MLA: It’s an important part of what we think about. It’s also an important part of what our community has made at our pop-ups ... things like Hanan Hameen’s Africa and Me! that happens at the Stetson Library is happening now on the Green regularly. There are other things ... Krikko with his drawings and drawing workshops. There are so many things that we’ve learned. Carlos Santiago y Su Momento Musical, who opened for Plena Libre, we met at the Fair Haven Pop-Up. So we’re learning.

LG: Yale is a great boon to the community and to Arts & Ideas, but what about town-gown? I think it’s pretty important and vital to have your fingers on the pulse of the city.

MLA: Yeah. New Haven is small enough but jam-packed.
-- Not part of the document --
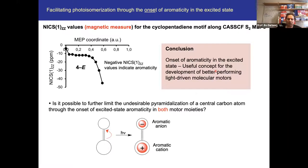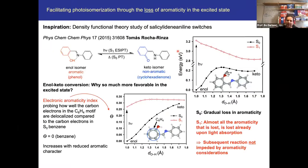One can also calculate magnetic measures to probe aromaticity, like NICS indices. The conclusion is that the onset of aromaticity in the excited state is a useful concept for developing better-performing light-driven molecular motors — we can improve a photochemical reaction by onset of aromaticity in the excited state. We then asked ourselves: can we also do the opposite? Can we facilitate a photochemical reaction by the loss of aromaticity in the excited state?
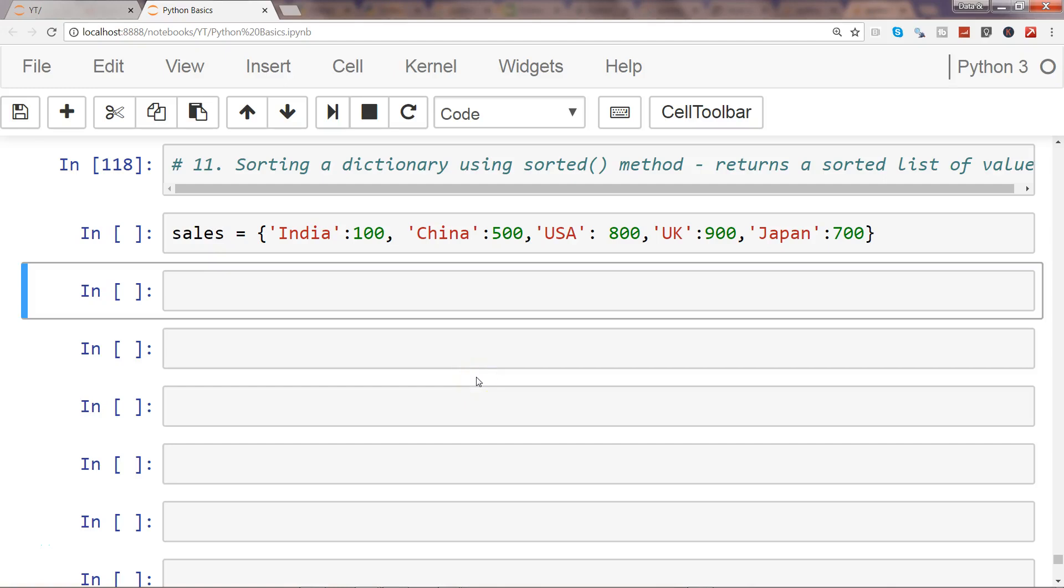Hi there, welcome to the next video. In this video we'll show you how you can sort a dictionary with the help of the sorted method. We will look at how we can sort it by the keys and then by the values. Keys are pretty straightforward, but for values there is a tweak that you need to do.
The emotion, the culture, the dynamism of any large city all in this geographic area with a small number of people. Frankly, we feel like we’re a way to bridge that town-gown gap. We do connect with the Yale community n a very productive and fruitful way.

LG: Let’s talk about GPSCY, which is where you’re kicking things off Wednesday with The Strange Undoing of Prudencia Hart. That’s a funky venue.

MLA: Well, we did the U.S. premiere of Prudencia Hart in 2012. The story is about an uptight academic who is a scholar of Scottish ballads. It happens in a bar, and we produced it at the [since shuttered] Wicked Wolf. It was great fun, but it happened in June, so the academic joke wasn’t there. We got very excited about continuing our relationship with the National Theatre of Scotland ... and Prudencia was on its fourth national tour. So we thought: wouldn’t it be really fun to bring it back, and to do it in a place where people don’t typically get to go? So GPSCY became a petty obvious good idea. It’s a very cool bar that a lot of people don’t get to go into, so we feel like when we bring people into the Yale community that don’t typically spend time in it, we’re creating bridges and a sense of comfort on the campus, which is a good thing. And a free dram of scotch, which is part of the show.

LG: As far as planning, it sounds like you’ve got so many balls up in the air at once. But do you feel like different events inform each other? Some things dovetail and some things don’t — I think that’s the way any big festival is going to be. But do you feel like your different sources are informing each other, and making you think about the arts in New Haven differently?

MLA: Absolutely. That’s a big part of the give and take. The international work that we’re doing now takes more effort for a lot of reasons than it did when this festival was founded. There’s the obvious — the threats of the world, the visa issues, and the challenges that come with getting artists into the country is really a heavy lift. Long ago were the days when you could identify a company from the international community and just say “oh! Come, do a show and come back.” It takes planning because artists from abroad don’t want to come to the United States, especially for one performance. We’re having to get involved with collaborating with colleagues in different places around our country to make sure that whoever comes, comes with an opportunity for more performances.

Our funding is precarious ... it seems to get more precarious as the days go on. So we rely increasingly on international funding sources to fund American performances of international artists. Sometimes they come in direct subsidies from those governments, sometimes they come in subsidies that go to the company for their fee — that trust and that negotiation takes time. So all of the international work is on a much longer timeline than the domestic work is. So we’re always looking for those pieces that we think, from an international perspective, adds a new look at something we may know something about.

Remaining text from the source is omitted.